Let me give you some answers:
1. The best way to adjust tension is to pre-load the spring using the nut behind the compression spring. You will have to put a scale on the jig to determine the compressed length for whatever tension you want. Next adjust the other head until you ever so slightly compress the spring. Now you will have your tension applied using a minimum of adjusting. I have no way to measure 300# but I do believe I have reached 200# with no problem. I truly believe that with the fibers we are using today, 200# should be more than enough, infact (see #3 below) it might be argued that strings built on this jig do not need a ton of tension as with other jigs. (This is just my opinion)
2. Those bolts are indeed too long, but the one on the spring head is simply there as a handle. The bolt on the non-sprung head should be 3" long at most. It will then just clear everything nicely.
3. The string is at an angle as it is being twisted, but when I built a 24" test string it was less of a problem than I thought it would be. With a longer string there should be less of a problem. As I watched the string as it was being twisted I began to get the the idea that this may be a better way to add twists to the string. The offset of the posts tends to wrap the bundles around each other instead of twisting them. This MIGHT allow the strands to lay down better as the twists are being added. (Maybe)
4. The post on the non-sprung head can be locked in place by tighening the nuts together until they lock down against the corner brackets and the length of black pipe. The handle on the sprung head can be used if you find that the string is twisting as it is being served.
5. Parts list: I have a parts list and some basic instructions on how to properly set up the jig. I will email the document to anyone who sends an email to [email protected] Subject-Jig Parts

I will post up a parts list in another post.

Automan


----------



## automan26 (Oct 21, 2002)

Here goes:

*BEFORE YOU BEGIN*—All the parts on this jig have an important purpose. I had to work through a number of difficult problems that are not readily apparent just from looking at the finished product. If you leave anything off, you will run into a problem I worked hard to avoid.
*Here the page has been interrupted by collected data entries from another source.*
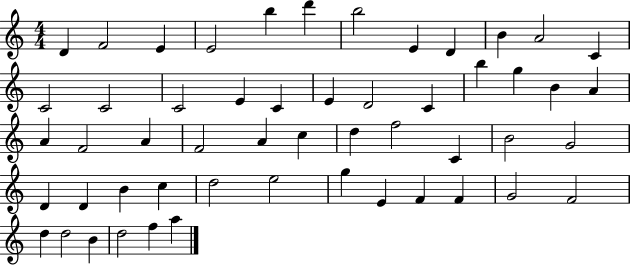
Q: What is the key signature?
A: C major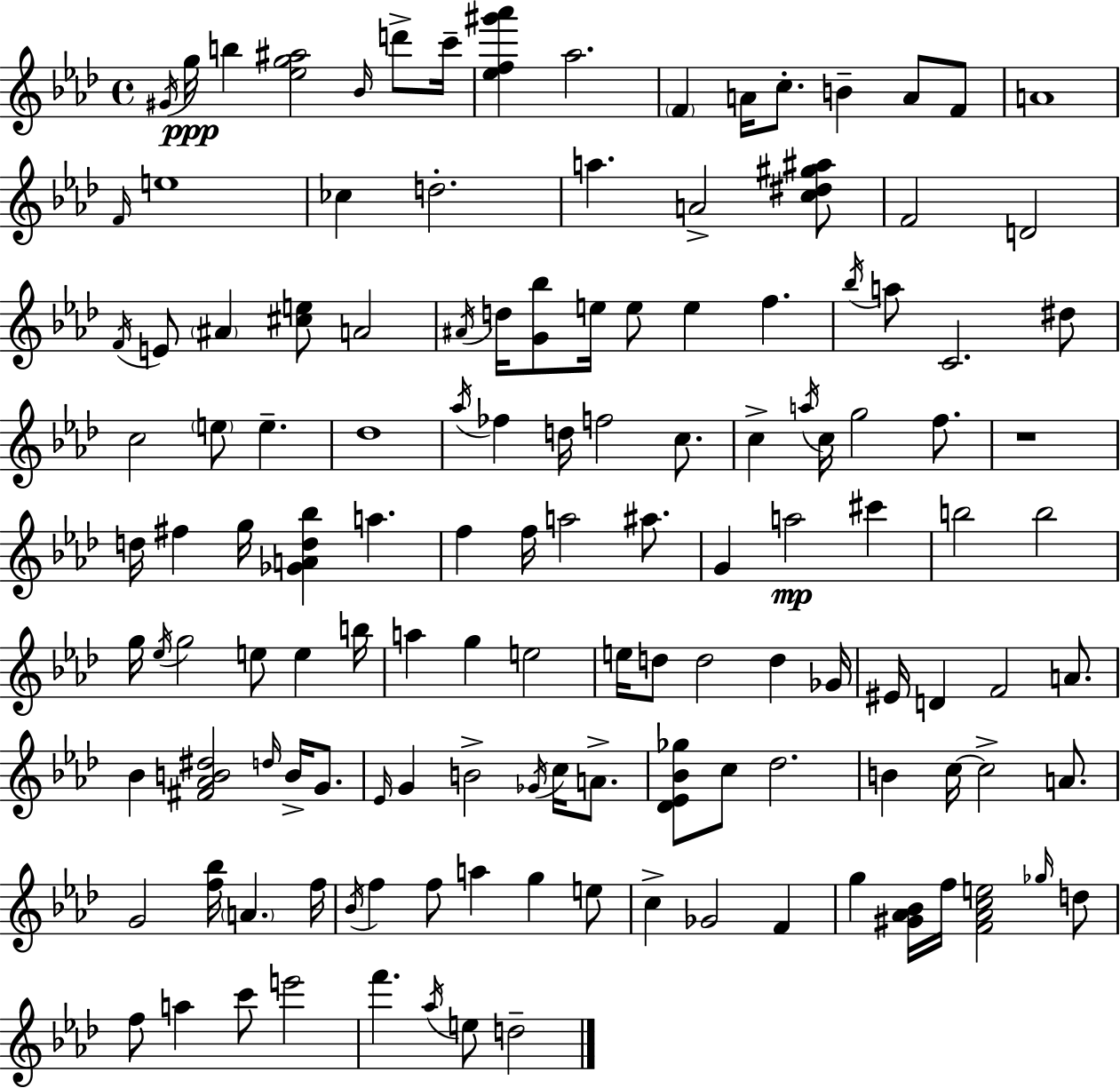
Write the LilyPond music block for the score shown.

{
  \clef treble
  \time 4/4
  \defaultTimeSignature
  \key f \minor
  \acciaccatura { gis'16 }\ppp g''16 b''4 <ees'' g'' ais''>2 \grace { bes'16 } d'''8-> | c'''16-- <ees'' f'' gis''' aes'''>4 aes''2. | \parenthesize f'4 a'16 c''8.-. b'4-- a'8 | f'8 a'1 | \break \grace { f'16 } e''1 | ces''4 d''2.-. | a''4. a'2-> | <c'' dis'' gis'' ais''>8 f'2 d'2 | \break \acciaccatura { f'16 } e'8 \parenthesize ais'4 <cis'' e''>8 a'2 | \acciaccatura { ais'16 } d''16 <g' bes''>8 e''16 e''8 e''4 f''4. | \acciaccatura { bes''16 } a''8 c'2. | dis''8 c''2 \parenthesize e''8 | \break e''4.-- des''1 | \acciaccatura { aes''16 } fes''4 d''16 f''2 | c''8. c''4-> \acciaccatura { a''16 } c''16 g''2 | f''8. r1 | \break d''16 fis''4 g''16 <ges' a' d'' bes''>4 | a''4. f''4 f''16 a''2 | ais''8. g'4 a''2\mp | cis'''4 b''2 | \break b''2 g''16 \acciaccatura { ees''16 } g''2 | e''8 e''4 b''16 a''4 g''4 | e''2 e''16 d''8 d''2 | d''4 ges'16 eis'16 d'4 f'2 | \break a'8. bes'4 <fis' aes' b' dis''>2 | \grace { d''16 } b'16-> g'8. \grace { ees'16 } g'4 b'2-> | \acciaccatura { ges'16 } c''16 a'8.-> <des' ees' bes' ges''>8 c''8 | des''2. b'4 | \break c''16~~ c''2-> a'8. g'2 | <f'' bes''>16 \parenthesize a'4. f''16 \acciaccatura { bes'16 } f''4 | f''8 a''4 g''4 e''8 c''4-> | ges'2 f'4 g''4 | \break <gis' aes' bes'>16 f''16 <f' aes' c'' e''>2 \grace { ges''16 } d''8 f''8 | a''4 c'''8 e'''2 f'''4. | \acciaccatura { aes''16 } e''8 d''2-- \bar "|."
}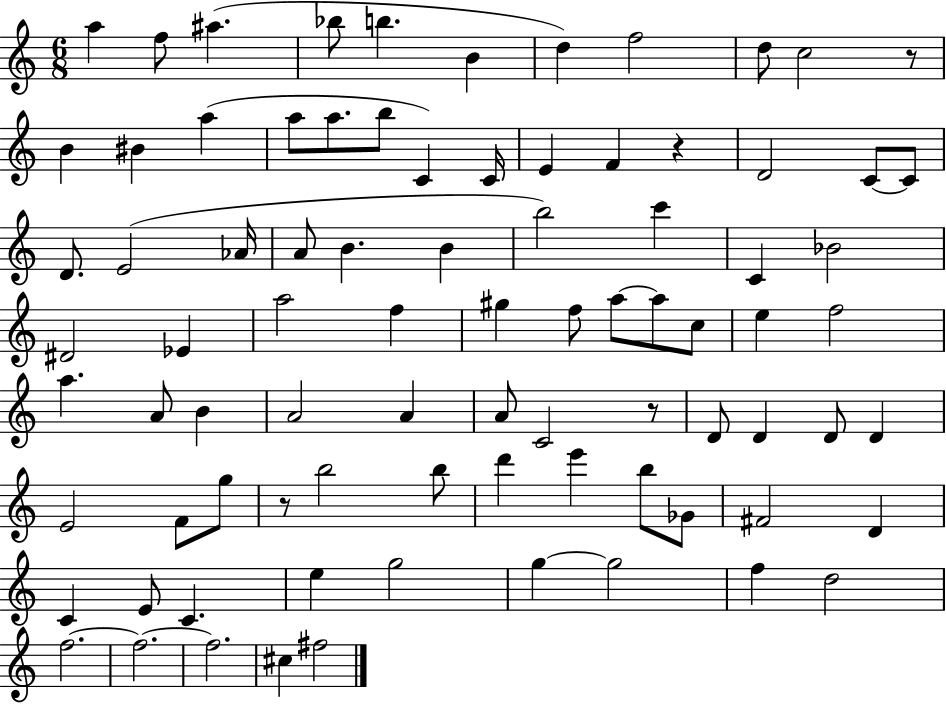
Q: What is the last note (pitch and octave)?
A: F#5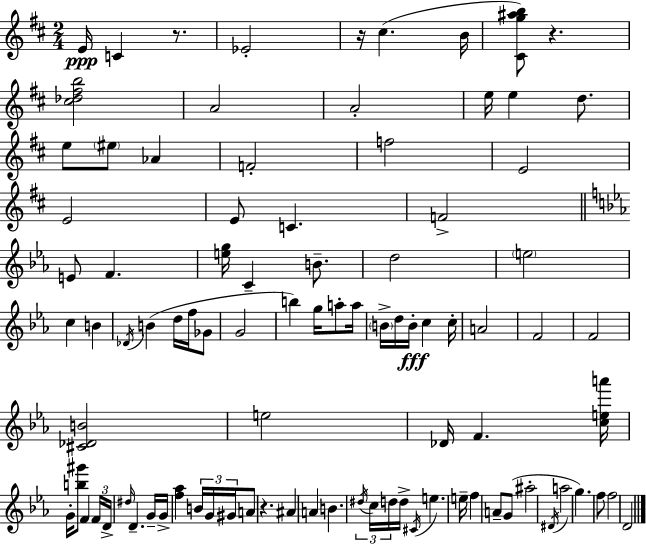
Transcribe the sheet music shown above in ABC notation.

X:1
T:Untitled
M:2/4
L:1/4
K:D
E/4 C z/2 _E2 z/4 ^c B/4 [^Cg^ab]/2 z [^c_d^fb]2 A2 A2 e/4 e d/2 e/2 ^e/2 _A F2 f2 E2 E2 E/2 C F2 E/2 F [eg]/4 C B/2 d2 e2 c B _D/4 B d/4 f/4 _G/2 G2 b g/4 a/2 a/4 B/4 d/4 B/4 c c/4 A2 F2 F2 [^C_DB]2 e2 _D/4 F [cea']/4 G/4 [b^g']/2 F F/4 D/4 ^d/4 D G/4 G/4 [f_a] B/4 G/4 ^G/4 A/2 z ^A A B ^d/4 c/4 d/4 d/4 ^C/4 e e/4 f A/2 G/2 ^a2 ^D/4 a2 g f/2 f2 D2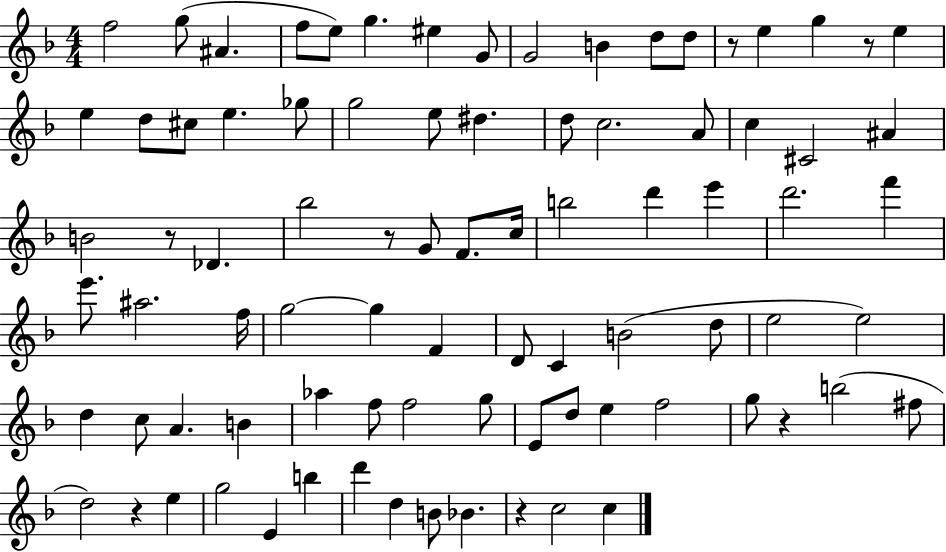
X:1
T:Untitled
M:4/4
L:1/4
K:F
f2 g/2 ^A f/2 e/2 g ^e G/2 G2 B d/2 d/2 z/2 e g z/2 e e d/2 ^c/2 e _g/2 g2 e/2 ^d d/2 c2 A/2 c ^C2 ^A B2 z/2 _D _b2 z/2 G/2 F/2 c/4 b2 d' e' d'2 f' e'/2 ^a2 f/4 g2 g F D/2 C B2 d/2 e2 e2 d c/2 A B _a f/2 f2 g/2 E/2 d/2 e f2 g/2 z b2 ^f/2 d2 z e g2 E b d' d B/2 _B z c2 c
Note--You will notice that the handle on the spring head is at a different angle from the other bolts. All this means is that I screwed up and had to drill and tap another hole. Make sure you do it right when you drill and tap yours.
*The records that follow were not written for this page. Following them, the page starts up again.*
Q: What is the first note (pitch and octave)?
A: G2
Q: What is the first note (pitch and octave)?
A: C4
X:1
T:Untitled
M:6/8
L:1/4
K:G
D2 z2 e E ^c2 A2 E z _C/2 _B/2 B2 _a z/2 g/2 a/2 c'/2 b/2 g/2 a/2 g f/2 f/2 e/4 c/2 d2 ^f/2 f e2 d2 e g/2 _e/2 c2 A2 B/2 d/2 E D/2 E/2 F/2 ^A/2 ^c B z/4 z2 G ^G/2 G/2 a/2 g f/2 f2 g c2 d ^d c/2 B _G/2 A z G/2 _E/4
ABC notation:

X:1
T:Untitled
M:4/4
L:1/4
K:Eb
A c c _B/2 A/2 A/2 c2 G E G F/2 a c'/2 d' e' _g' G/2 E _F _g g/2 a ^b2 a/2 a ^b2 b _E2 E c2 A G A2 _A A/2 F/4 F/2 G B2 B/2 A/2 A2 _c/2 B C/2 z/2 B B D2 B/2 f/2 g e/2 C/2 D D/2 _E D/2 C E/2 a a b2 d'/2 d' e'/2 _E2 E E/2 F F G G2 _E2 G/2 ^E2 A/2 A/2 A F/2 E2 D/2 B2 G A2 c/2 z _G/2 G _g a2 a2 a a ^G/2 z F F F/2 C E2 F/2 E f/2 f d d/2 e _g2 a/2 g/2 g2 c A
Unistrut and Superstrut parts are nearly identical. I have used parts from both manufacturers simply because I had to use what my supplier had on hand. Mix and match parts as you wish, they will go together just fine.

10’section of 1 5/8” Superstrut channel

4 Superstrut/Unistrut corner brackets—3 ½” X 4”
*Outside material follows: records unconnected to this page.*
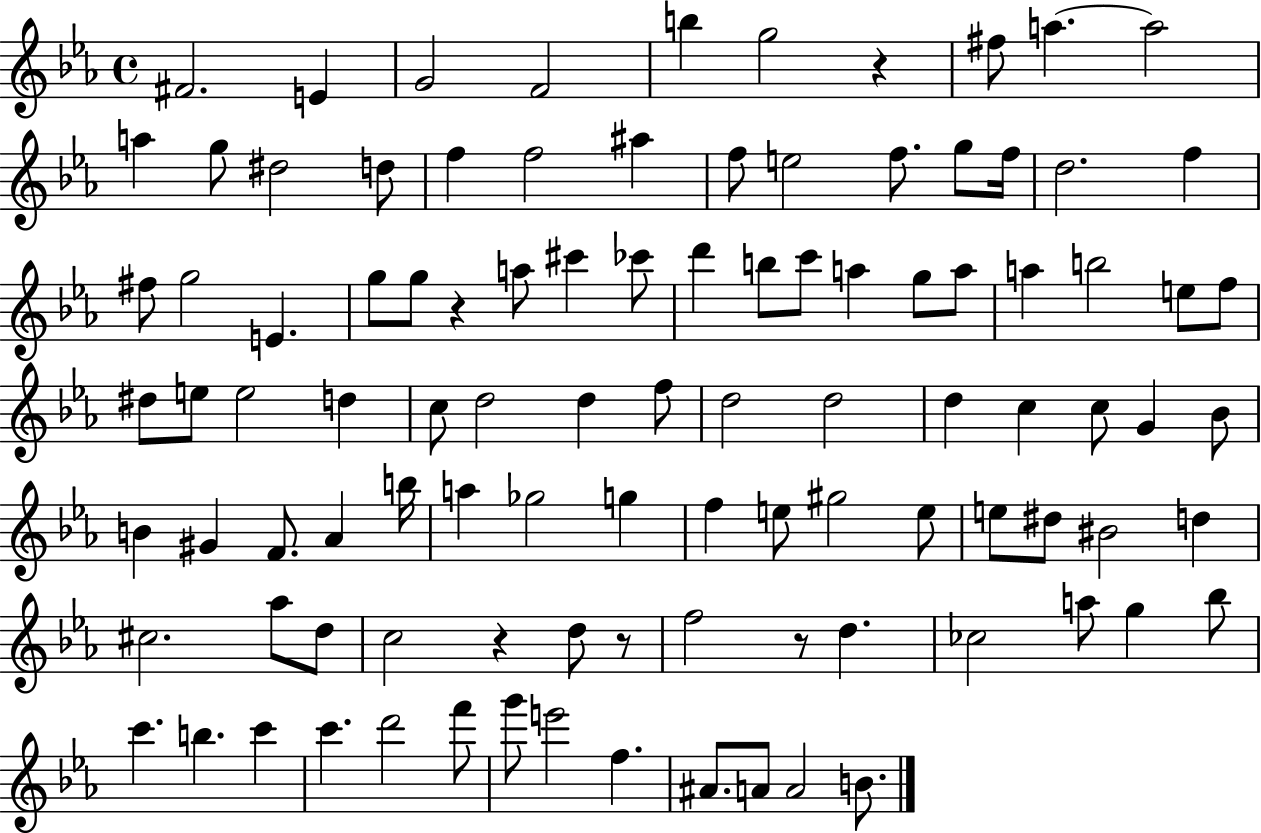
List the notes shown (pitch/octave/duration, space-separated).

F#4/h. E4/q G4/h F4/h B5/q G5/h R/q F#5/e A5/q. A5/h A5/q G5/e D#5/h D5/e F5/q F5/h A#5/q F5/e E5/h F5/e. G5/e F5/s D5/h. F5/q F#5/e G5/h E4/q. G5/e G5/e R/q A5/e C#6/q CES6/e D6/q B5/e C6/e A5/q G5/e A5/e A5/q B5/h E5/e F5/e D#5/e E5/e E5/h D5/q C5/e D5/h D5/q F5/e D5/h D5/h D5/q C5/q C5/e G4/q Bb4/e B4/q G#4/q F4/e. Ab4/q B5/s A5/q Gb5/h G5/q F5/q E5/e G#5/h E5/e E5/e D#5/e BIS4/h D5/q C#5/h. Ab5/e D5/e C5/h R/q D5/e R/e F5/h R/e D5/q. CES5/h A5/e G5/q Bb5/e C6/q. B5/q. C6/q C6/q. D6/h F6/e G6/e E6/h F5/q. A#4/e. A4/e A4/h B4/e.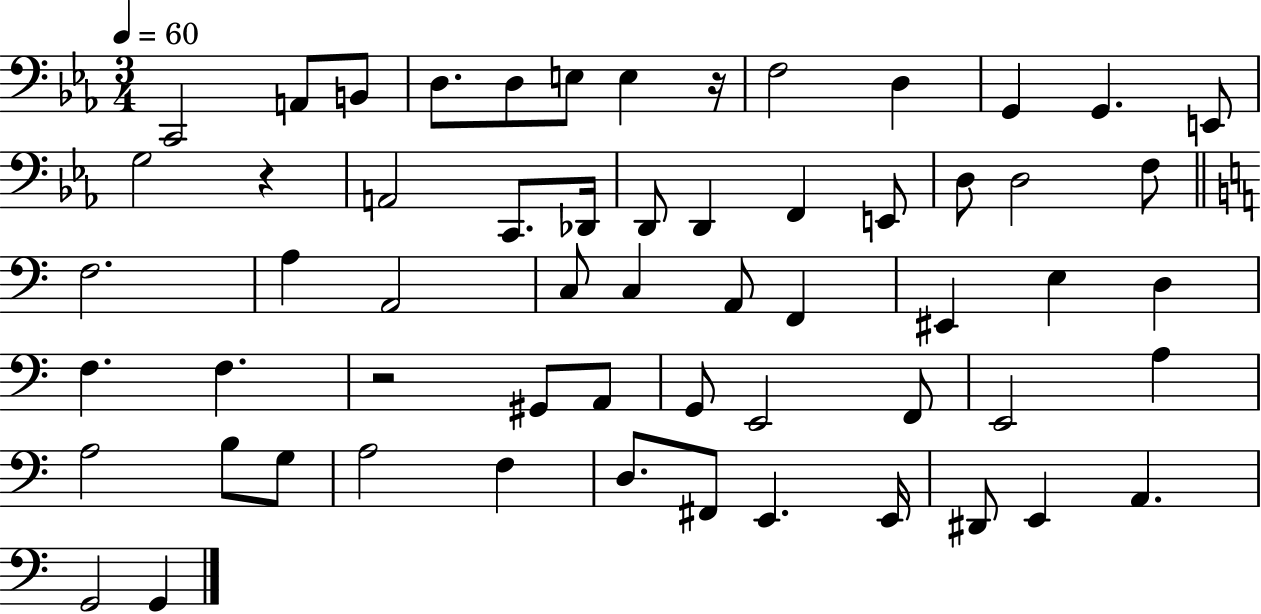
X:1
T:Untitled
M:3/4
L:1/4
K:Eb
C,,2 A,,/2 B,,/2 D,/2 D,/2 E,/2 E, z/4 F,2 D, G,, G,, E,,/2 G,2 z A,,2 C,,/2 _D,,/4 D,,/2 D,, F,, E,,/2 D,/2 D,2 F,/2 F,2 A, A,,2 C,/2 C, A,,/2 F,, ^E,, E, D, F, F, z2 ^G,,/2 A,,/2 G,,/2 E,,2 F,,/2 E,,2 A, A,2 B,/2 G,/2 A,2 F, D,/2 ^F,,/2 E,, E,,/4 ^D,,/2 E,, A,, G,,2 G,,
4 Superstrut/Unistrut spring nuts

6” X 5/8” All-thread—Cut to make 2, 6” sections (7” sections might be a bit better, but 6” is what I used.)

Compression spring—I used a 5 ¾” X 1” spring but I am less than happy. The long spring tends to bulge a bit more than I like when tensioned down. If you can find something shorter with good tension I would recommend using that. You may have to make some minor design alterations if you use a shorter spring.

6, 5/8” nuts—(3 for each section of All-Thread)

6 coarse thread, 1” X ½” bolts and 2 nuts

3/8” X 5” eye bolts with at least a 1” ID

4, 3/8” bolts and washers

2 ½” section of 5/8” I.D. pipe that will fit over the 5/8” All-Thread. (There is a seem inside the pipe that will need to be ground away before it will fit over the All-Thread.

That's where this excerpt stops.